[[ INFORMATION PROVIDED open ]]
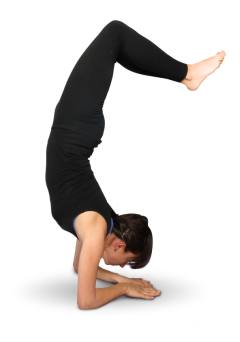 Yoga Asanas - der Skorpion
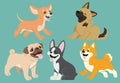 Dog flat cartoon set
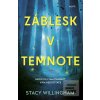 Záblesk v temnote (Stacy Willingham) Záblesk v temnote (Stacy Willingham)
[[ INFORMATION PROVIDED closed ]]
INSTRUCTIONS FOR THE TASK:
When you return the listing, keep it exact and omit any pictures it holds.

ANSWER TO THE PROBLEM:
 Yoga Asanas - der Skorpion
 Dog flat cartoon set
 Záblesk v temnote (Stacy Willingham) Záblesk v temnote (Stacy Willingham)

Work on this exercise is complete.